Tuckamore Design is a very small handcrafted card and print company based in Buffalo, New York. I'm a Canadian transplant, originally from Newfoundland. I've been a printmaker for 15 years, almost as long as I've been an architect. I never formally studied art, but I've taken classes from a handful of amazing artists at Dundarave Print Workshop in Vancouver, BC, and NSCAD in Halifax, Nova Scotia.

I love paper, especially since I spend a lot of hours every day working on a computer for my other business, Design Synergies Architecture.

I also love to create handcrafted greeting cards for everyday and seasonal occasions. When the inspiration hits (and I have time), I make the occasional original print. Every piece is printed by hand or on an etching press.

In the early days, my prints and cards were featured at the Canadian Craft Museum, the Craft Association of British Columbia shop, and various exhibits in Vancouver and Halifax. My cards have been sold in shops in the Maritime Provinces, Buffalo, NY, and most recently in Martinsburg, West Virginia! Through my Etsy site, my cards have been sent all over the world.

My work is influenced by Celtic and Art Nouveau design, by Scottish architect Charles Rennie Mackintosh, and by the Arts & Crafts movement. I found inspiration for several years in my front porch container garden in the Elmwood Village in Buffalo, and now I'm daydreaming of spring in my new backyard garden.

My favourite medium is linoleum block printing, especially blind embossed prints (deeply impressed and printed without ink). I'm about to embark on a watercolour adventure, and I'm wondering how that will find its way into my printmaking....

Saturday, April 3, 2010

Easter at Buffalo's Broadway Market

Buffalo's Broadway Market has been the place to go for fresh veggies, Polish sausage, and baked yummies since 1888.  Located on the city's East Side, traditionally the Polish heart of Buffalo, the Market has weathered the ups and downs of urban renewal, and the usual growth and change that every city goes through.  While the neighbourhoold around it has seen better days, the Market still draws people back, especially at Easter.

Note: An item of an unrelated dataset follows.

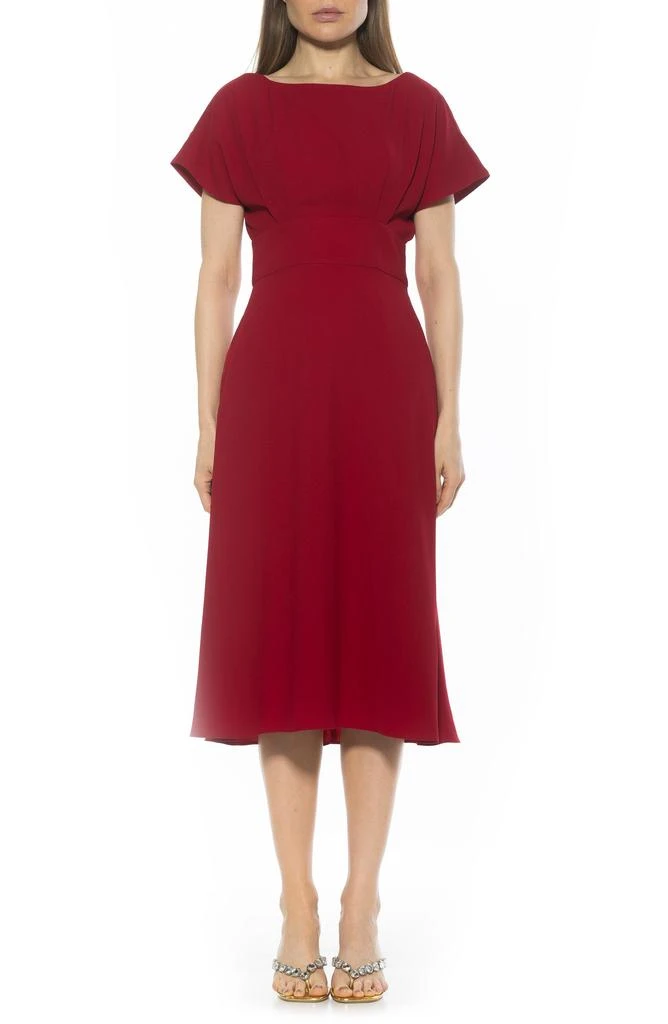 ALEXIA ADMOR Lottie Dolman Sleeve Dress 1
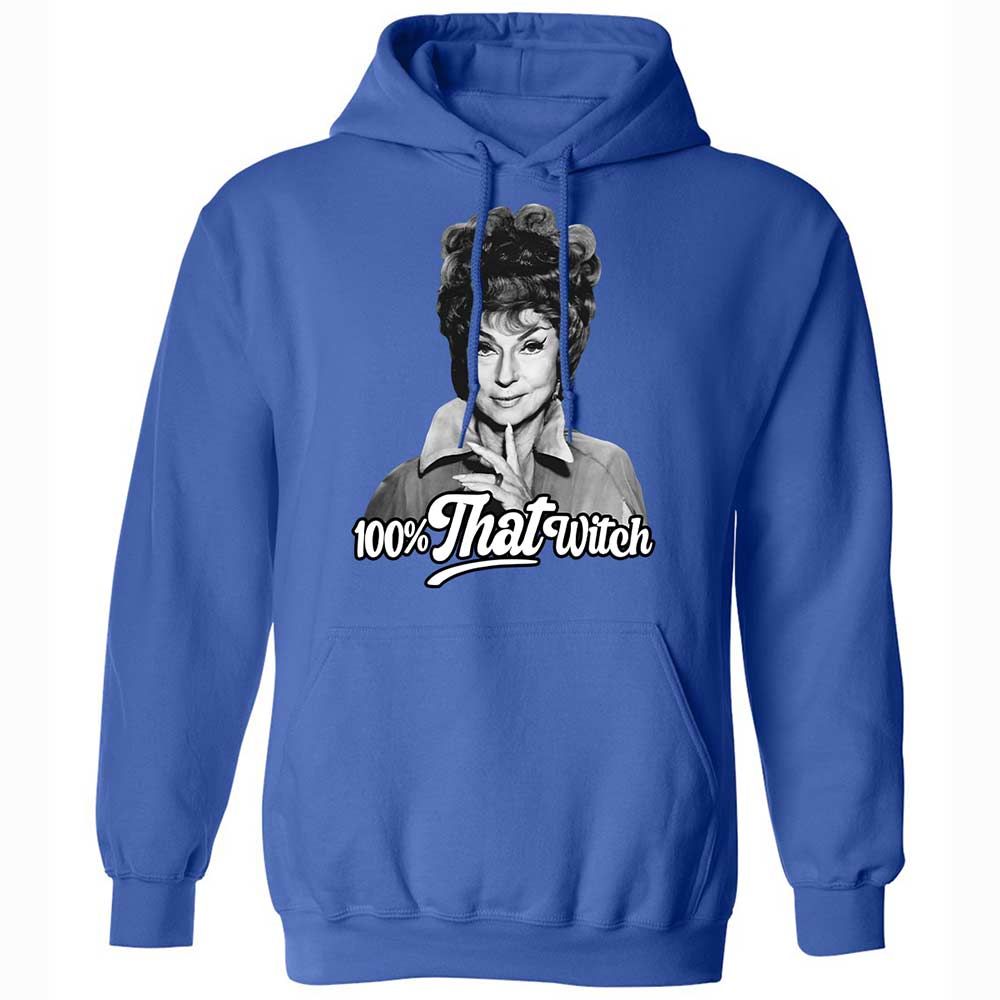 Classic Unisex Hoodie - P1GSK76B - Royal - 5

Good Friday is the busiest day of the year at the Market, but it was pretty packed today as well.  Everyone is buying their sausage, butter lambs, and platcek for a traditional Easter dinner.  But since I'm not cooking tomorrow, I had other things in mind.

First, we needed to get some traditional desserts for a friend's birthday celebration tonight.  An almond and cream-filled pastry and some packzi (Polish doughnuts, my husband's favourite).  Done, take that off the list.

Second, pussy willows:  my reason for buying them was not to hit someone on Monday which is Dyngus Day, but to add to the bunch I bought last year that are sitting in a vase on our dining room table.  It reminds me of spring in Newfoundland, just like the irises that I bought at the grocery store last night.

And finally, I had to find painted wooden eggs to add to my collection. Traditional painted eggs are a staple at the Broadway Market, and I fell in love with them the first time I saw them at my husband's aunt's house when I went there for our first family Easter dinner years ago.  Some of them can get pricey, especially the really finely painted ones or the large ones, but my collection consists of the 2/$5 variety, and that's okay with me.  I'm fascinated by the colours and how different they all are.

Now I'm wondering how to develop a print series based on the patterns and colours on my eggs.